Tutorial on how to operate byte streams/binary streams in the struct module of Python, pythonstruct
Preface
Recently, I used Python to parse the MNIST dataset in the IDX file format and needed to read the binary file. I used the struct module. I checked many tutorials on the Internet and wrote quite well, but it was not very friendly to new users. So I rearranged some notes for quick start.
Note:The following four terms are synonymous: binary stream, binary array, byte stream, and byte array.
Quick Start
In the struct module, when an integer, floating point, or character stream (character array) is converted to a byte stream (byte array, you need to use the formatted string fmt to tell the struct module the type of the object to be converted. For example, the integer is 'I', the floating point number is 'F', and an ascii character is 'S '.

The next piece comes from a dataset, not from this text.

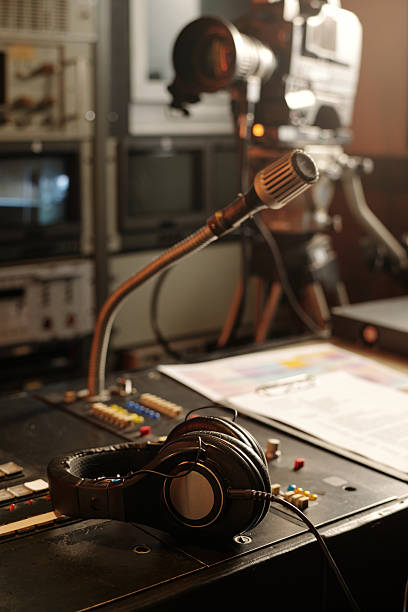 Microphone stand cables, home recording, equipment and instruments.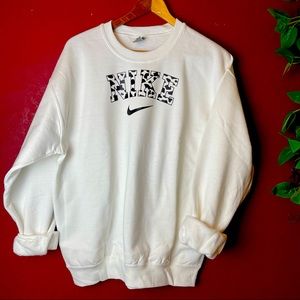 Nike inspired Cow pint crewneck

Def demo1 (): # Use bin_buf = struct. pack (fmt, buf) sets buf as a binary array bin_buf # Use buf = struct. unpack (fmt, bin_buf) returns the bin_buf binary array to the buf # integer-> binary stream buf1 = 256 bin_buf1 = struct. pack ('I', buf1) # 'I' indicates 'integer' ret1 = struct. unpack ('I', bin_buf1) print bin_buf1, '<===>', ret1 # Floating Point Number-> binary stream buf2 = 3.1415 bin_buf2 = struct. pack ('D', buf2) # 'D' indicates 'double' ret2 = struct. unpack ('D', bin_buf2) print bin_buf2, '<===>', ret2 # string-> binary stream buf3 = 'Hello world' bin_buf3 = struct. pack ('11s', buf3) # '11s' indicates the 'string' character array ret3 = struct. unpack ('11s', bin_buf3) print bin_buf3, '<===>', ret3 # struct-> binary stream # assume there is a struct # struct header {# int buf1; # double buf2; # char buf3 [11]; #} bin_buf_all = struct. pack ('id11s', buf1, buf2, buf3) ret_all = struct. unpack ('id11s', bin_buf_all) print bin_buf_all, '<==>', ret_all
The output result is as follows:
Demo1 output result
Detailed description of struct module
Main functions
The three most important functions in the struct module are:pack()
,unpack()
,calcsize()
# Encapsulate data into a string (in fact, a byte stream similar to a c struct) based on the given formatted string. string = struct. pack (fmt, v1, v2 ,...) # parse the byte stream string according to the given format (fmt), and return the parsed tupletuple = unpack (fmt, string) # Calculate the given format (fmt) memory offset = calcsize (fmt)
Format String in struct
The following table lists the formats supported by struct:
Format |
C Type |
Python |
Bytes |
X |
Pad byte |
No value |
1 |
C |
Char |
String of length 1 |
1 |
B |
Signed char |
Integer |
1 |
B |
Unsigned char |
Integer |
1 |
? |
_ Bool |
Bool |
1 |
H |
Short |
Integer |
2 |
H |
Unsigned short |
Integer |
2 |
I |
Int |
Integer |
4 |
I |
Unsigned int |
Integer or lon |
4 |
L |
Long |
Integer |
4 |
L |
Unsigned long |
Long |
4 |
Q |
Long |
Long |
8 |
Q |
Unsigned long |
Long |
8 |
F |
Float |
Float |
4 |
D |
Double |
Float |
8 |
S |
Char [] |
String |
1 |
P |
Char [] |
String |
1 |
P |
Void * |
Long |
|
Note 1: q and Q are only interesting when the machine supports 64-bit operations.
NOTE 2: there can be a number before each format, indicating the number
Note 3: The s format indicates a string of a certain length. 4s indicates a string of 4, but p indicates a pascal string.
Note 4: P is used to convert a pointer. Its length is related to the machine length.
Note 5: The last one can be used to indicate the pointer type, which occupies 4 bytes.
In order to exchange data with the struct in c, some c or c ++ compilers use byte alignment, which is usually a 32-bit System in 4 bytes, therefore, struct is converted in byte sequence based on the local machine. you can use the first character in the format to change the alignment. definition:
Character |
Byte order |
Size and alignment |
@ |
Native |
Native makes up 4 bytes |
= |
Native |
Standard is based on the number of original bytes |
< |
Little-endian |
Standard is based on the number of original bytes |
> |
Big-endian |
Standard is based on the number of original bytes |
! |
Network (= big-endian) |
Standard is based on the number of original bytes |
The usage is placed at the first position of fmt, like '@ 5s6sif'
Summary
The above is all the content of this article. I hope the content of this article will help you in your study or work. If you have any questions, you can leave a message.